EXERCISE MATERIAL:
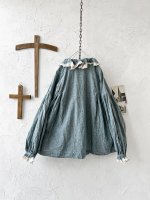 画像9: MARCHE' DE SOEUR／フローフリルパフ袖ブラウス・ブルー (9)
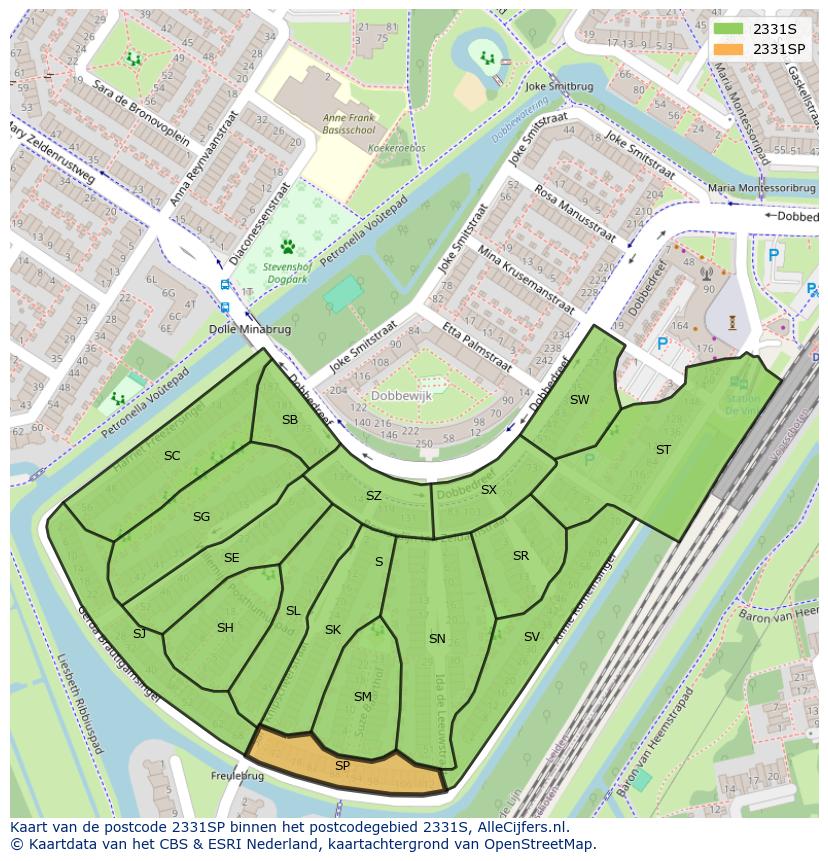 Afbeelding van het postcodegebied 2331 SP op de kaart.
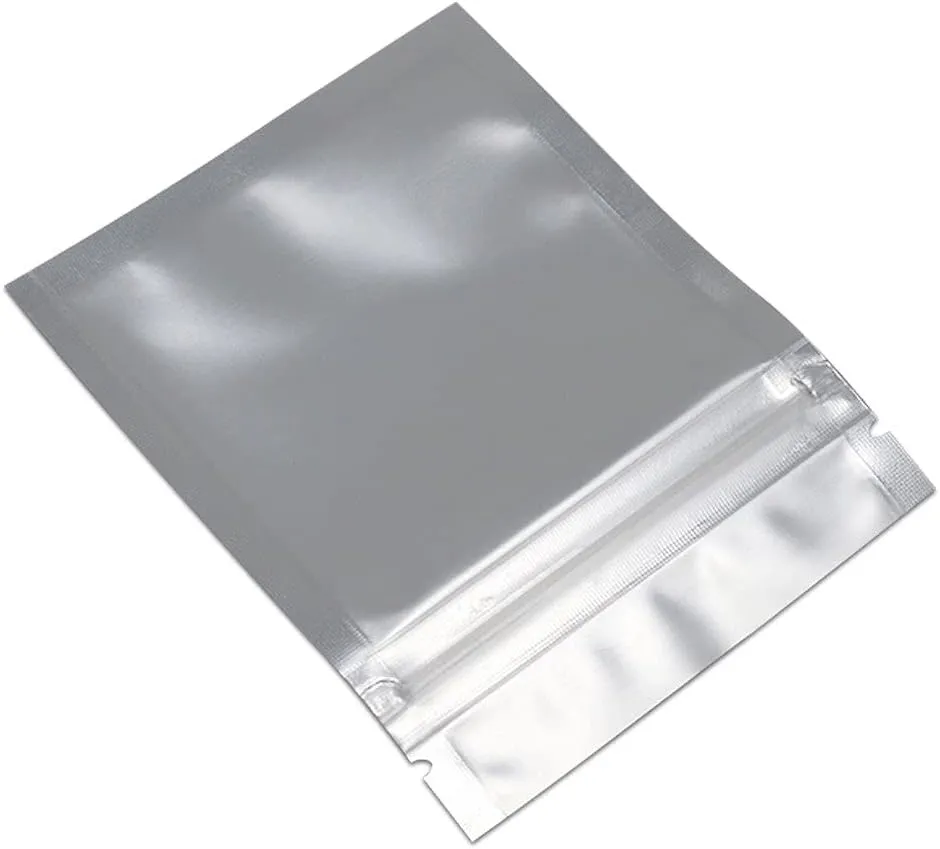 FERENLI 100 Pcs Mylar Bag Zipper Lock Food Storage Metallic Foil Airtight Bag with Front Window Plastic Candy Packaging Pouch for Zip Flat Heat Seal Lock Resealable Matte Gold (8.5x13cm (3.3x5.1 inch)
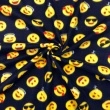 Soft Estampado - Emoji Fundo Marinho - 100% Poliéster - 1,60m Largura - Variante 1 Soft Estampado - Emoji Fundo Marinho - 100% Poliéster - 1,60m Largura - Variante 1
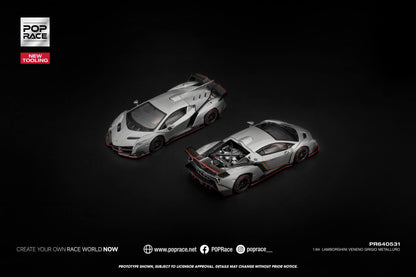* PRE ORDER * POP RACE 1/64 LAMBORGHINI VENENO GRIGIO METALLURO PR640531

TASK DESCRIPTION: Without including the pictures, return each record above exactly as it stands.

ANSWER FOR THE TASK:
 画像9: MARCHE' DE SOEUR／フローフリルパフ袖ブラウス・ブルー (9)
 Afbeelding van het postcodegebied 2331 SP op de kaart.
 FERENLI 100 Pcs Mylar Bag Zipper Lock Food Storage Metallic Foil Airtight Bag with Front Window Plastic Candy Packaging Pouch for Zip Flat Heat Seal Lock Resealable Matte Gold (8.5x13cm (3.3x5.1 inch)
 Soft Estampado - Emoji Fundo Marinho - 100% Poliéster - 1,60m Largura - Variante 1 Soft Estampado - Emoji Fundo Marinho - 100% Poliéster - 1,60m Largura - Variante 1
* PRE ORDER * POP RACE 1/64 LAMBORGHINI VENENO GRIGIO METALLURO PR640531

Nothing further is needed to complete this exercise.